A data warehouse project consists of a number of core parts that need to be put in place to get good analytics reporting for your users. At a high level, the parts consist of data modeling, data mapping, ETL (Extract, Transfer and Load) processes, data validation, possibly the creation of a cube and the creation of front end reporting and dashboards. Depending on the size of the project, these tasks can take a fair amount of time to implement.
The part that is often one of the most time consuming pieces of a project is the ETL processes. The ETL work is the piece that moves the data from the source system, cleanses and transforms the data appropriately according to business rules and moves it to the data warehouse. There are a variety of ways that the ETL processes can be implemented. For example, they can be driven primarily by SSIS (SQL Server Integration Services) packages or primarily by stored procedures or a combination of the two. The tools available within Microsoft SQL Server are very capable of implementing a solid ETL solution. While these tools can be used right out of the box, there are some drawbacks to using them this way. A typical data warehouse solution will have an ETL process for each dimension and each fact table being populated. If each ETL process is done without the bigger picture in mind, there can be a significant amount of time spent writing similar code for each process. In larger projects this can really add up.
Instead of using the tools right out of the box, it can be useful to take a step back and think about the goals of a solid ETL process. A solid ETL process should have a low source system impact, it should be highly performing, and it should provide logging and data validation among many other industry best practices. These features and best practices can be brought together into a re-usable ETL framework. The core features and benefits that should be included in an ETL framework are listed below. Since ETL code is typically very similar from dimension to dimension and fact to fact, a good practice is to develop a set of templates that include these core features and that cover the common data warehouse ETL requirements such as handling slowly changing dimensions.
To really save development time, the addition of a code generator could be included that uses the templates to generate the actual code based on your data warehouse design. This will allow you to avoid a lot of repetitive work, produce consistent and easy to maintain code and reduce the potential for making mistakes. Once generated, you’ll only have to modify the areas specific to the dimension or fact being worked on. For example, you’ll still have to manually write the source system extract query per the business requirements. A framework like this will take some time to develop or a cost to purchase, but the time saved in building and maintaining the ETL solutions should pay for itself quickly.

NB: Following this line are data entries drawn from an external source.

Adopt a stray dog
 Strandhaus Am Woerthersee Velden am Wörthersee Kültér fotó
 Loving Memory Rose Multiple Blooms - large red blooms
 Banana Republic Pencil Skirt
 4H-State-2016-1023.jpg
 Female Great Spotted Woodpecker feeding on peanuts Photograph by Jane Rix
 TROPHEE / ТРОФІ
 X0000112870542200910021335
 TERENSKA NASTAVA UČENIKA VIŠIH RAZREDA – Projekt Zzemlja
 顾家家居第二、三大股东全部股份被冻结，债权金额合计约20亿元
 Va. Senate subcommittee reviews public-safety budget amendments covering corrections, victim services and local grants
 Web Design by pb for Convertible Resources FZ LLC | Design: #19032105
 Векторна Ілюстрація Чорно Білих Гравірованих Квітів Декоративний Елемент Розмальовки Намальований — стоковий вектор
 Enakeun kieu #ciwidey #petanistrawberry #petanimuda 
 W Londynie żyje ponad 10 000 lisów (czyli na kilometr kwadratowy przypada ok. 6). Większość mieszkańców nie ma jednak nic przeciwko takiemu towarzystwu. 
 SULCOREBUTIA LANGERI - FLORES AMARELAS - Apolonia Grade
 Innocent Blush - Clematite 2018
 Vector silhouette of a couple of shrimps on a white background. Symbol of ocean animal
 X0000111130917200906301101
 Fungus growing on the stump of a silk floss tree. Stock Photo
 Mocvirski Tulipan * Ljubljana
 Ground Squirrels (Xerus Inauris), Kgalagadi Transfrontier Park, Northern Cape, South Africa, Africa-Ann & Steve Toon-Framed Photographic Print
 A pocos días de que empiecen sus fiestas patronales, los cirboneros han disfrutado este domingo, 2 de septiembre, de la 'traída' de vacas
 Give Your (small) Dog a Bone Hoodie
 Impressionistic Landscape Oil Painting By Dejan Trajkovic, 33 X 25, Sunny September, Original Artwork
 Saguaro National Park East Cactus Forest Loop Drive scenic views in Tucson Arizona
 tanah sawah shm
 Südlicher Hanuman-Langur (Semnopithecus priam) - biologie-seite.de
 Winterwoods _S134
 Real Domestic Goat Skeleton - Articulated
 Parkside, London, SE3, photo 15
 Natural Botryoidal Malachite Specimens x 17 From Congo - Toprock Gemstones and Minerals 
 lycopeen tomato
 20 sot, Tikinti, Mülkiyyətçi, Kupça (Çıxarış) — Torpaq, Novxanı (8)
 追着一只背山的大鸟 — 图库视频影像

These features and benefits are often found in a solid ETL framework, whether it is custom built or purchased.
ETL Framework Features
- Low Source System Impact
- Highly Performing (Set based)
- Data Validation
- Built in Error Handling
- Incorporate Industry Best Practices
- Meta Data Driven Code Generation
- Unit Testing Capabilities for Development
- Quick to Develop
- Consistent Code
- Easy to Maintain
We built a custom ETL framework that has matured over many years. This framework now includes all the features listed above, which allows us to develop reliable solutions much quicker than starting from scratch each time. It also allows our developers to easily maintain solutions that they may not have been involved in building. This is because they all have the same ETL architecture. This is especially true, because most of the code is generated based off of the data warehouse schema along with configuration defined at the time of code generation. This leaves very little manual work and avoids the repetitive, time consuming and potentially error prone development of having to code each ETL process manually from scratch.
While I don’t have the luxury to use a framework for every project I work on, it is more than apparent that you can save large amounts of time by not rebuilding and testing the features in each new solution. It’s not always common to have a budget to build all these features in while implementing a project. Having a framework that is tested and proven beforehand can dramatically speed up the results and increase the reliability of the solution.
Before starting your next data warehouse project, strongly consider a solid ETL framework. It will be worth the time and money in the long run.